The solar array is part of the smart grid validation and test facility that has been the basis of ICSEG’s mission since it began in 2010. The main test bed, located in the Coordinated Science Laboratory (CSL), contains extensive substation equipment, capabilities for “hardware-in-the-loop” simulation using this equipment and sophisticated test harnesses for experimental setup. The solar array expands test bed capability by providing access to microinverter technology and a facility that actually generates power.
“We’re working on developing embedded electronics that can go into the panels themselves, so right now we have a lot of nice results from the lab, but we’d like to scale up these very promising lab results to prove the concept in a larger settings,” Pilawa said.
“That’s not the main motivation, but it’s an extra added plus and over its lifetime, it may pay for itself,” Pilawa said.
ICSEG researchers have high hopes for the array and plan to begin hands-on research with it in the fall.
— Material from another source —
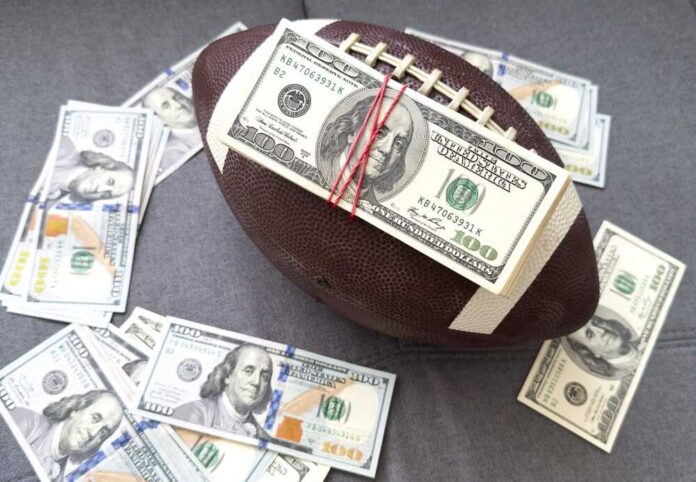 American,Football,Or,Rugby.,Dollars.,Concept,Sport,And,Money.,Sports Football with a stack of U.S. hundred-dollar bills secured by rubber bands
They plan to create a dashboard where the public can track the power the panel creates, as well as a live video feed of the panel.
“I’m excited about it and we’re going to put it to good use,” Pilawa said. “This will be a long term laboratory asset that we have at the university.”
ICSEG is a five-year project that began in 2010 and operates within the Information Trust Institute (ITI), located at the Coordinated Science Laboratory. It is funded through a grant from the Illinois Department of Commerce and Economic Opportunity.